Все высказывались по этому вопросу, не зная как лучше оградить "права обвиняемого", а во мне, в это время, все горело внутри. Хотелось бросить всем этим застольным юристам жестокое слово негодования по поводу бесплодной траты времени, сил и слов ... бесконечного количества слов.
Обдумывать мельчайшие оттенки и тонкости спасительных благопожеланий, когда кругом царит явное бесправие и грубейшее нарушение самых примитивных основ правосудия.
Жалким фарисейством, постыдным самообманом показалось мне собственное мое участие во всех этих бесплодных комиссиях и когда поднялся еще профессор Люблинский, чтобы "сказать и свое слово", я шумно отодвинулся от стола и поспешно ретировался.
Ведь потом будет еще красноречиво говорить А. Ф. Кони, а там и только что прибывший из своей "чрезвычайки" Н. К. Муравьев; не утерпит и будущей обвинитель четы Сухомлиновых обер-прокурор Носович и, пожалуй, "прибудет" еще со своими директивами сам "сенатор Соколов"...

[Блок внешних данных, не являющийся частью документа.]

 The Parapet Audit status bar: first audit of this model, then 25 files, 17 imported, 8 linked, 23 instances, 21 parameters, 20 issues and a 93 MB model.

А после не утерпят и станут возражать и Грузенберг, и Чубинский, и Люблинский... и, в заключение, товарищ министра, Зарудный, не упустит случая "кратко резюмировать", т. е. пространно перефразировать все сказанное... А сказано-то, сказано!.. Если бы собрать всю эту энергию слов, казалось бы гору можно сдвинуть...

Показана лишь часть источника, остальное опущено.